• **RECORDS TO USE**:
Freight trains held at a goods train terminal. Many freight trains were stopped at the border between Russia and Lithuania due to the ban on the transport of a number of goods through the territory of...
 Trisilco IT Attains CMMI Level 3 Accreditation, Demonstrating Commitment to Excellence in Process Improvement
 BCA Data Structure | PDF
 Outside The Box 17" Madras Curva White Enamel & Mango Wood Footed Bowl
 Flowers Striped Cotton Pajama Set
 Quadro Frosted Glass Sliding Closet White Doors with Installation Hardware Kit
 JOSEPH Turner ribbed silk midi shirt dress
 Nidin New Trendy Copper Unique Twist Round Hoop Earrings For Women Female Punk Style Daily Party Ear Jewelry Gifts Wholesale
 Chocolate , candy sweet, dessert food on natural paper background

• **HOW TO COMPLETE THIS TASK**: Write out exactly the lines that run from the one containing "Flowers Striped Cotton Pajama Set" to the end of the records, both end lines included.

• **YOUR SOLUTION**:
 Flowers Striped Cotton Pajama Set
 Quadro Frosted Glass Sliding Closet White Doors with Installation Hardware Kit
 JOSEPH Turner ribbed silk midi shirt dress
 Nidin New Trendy Copper Unique Twist Round Hoop Earrings For Women Female Punk Style Daily Party Ear Jewelry Gifts Wholesale
 Chocolate , candy sweet, dessert food on natural paper background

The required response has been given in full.